_ACTIVITY_.
A faithful copy is required: transcribe each line below exactly, minus the pictures.

_COLLECTED DATA_.
--- --- ---

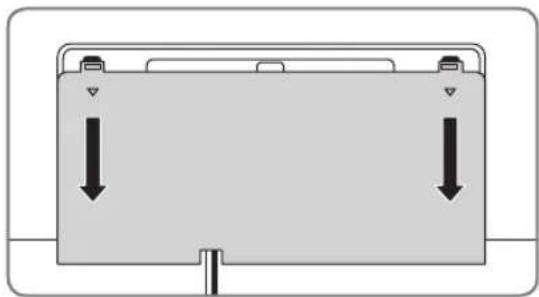 SAMSUNG QE65Q9FAMT - Desmonte la tapa protectora posterior de los terminales del televisor - 1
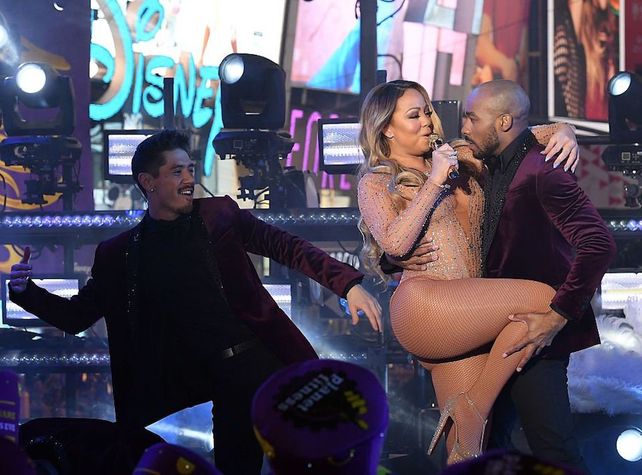 La cantante estadounidense hizo playback en el Times Square y vivió un papelón en vivo.
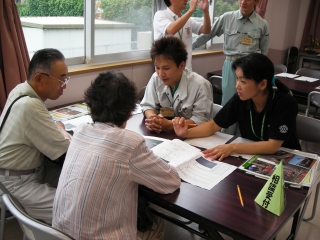 写真：山のなんでも相談窓口での森林プランの説明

--- --- ---

_RESPONSE AREA_.
 SAMSUNG QE65Q9FAMT - Desmonte la tapa protectora posterior de los terminales del televisor - 1
 La cantante estadounidense hizo playback en el Times Square y vivió un papelón en vivo.
 写真：山のなんでも相談窓口での森林プランの説明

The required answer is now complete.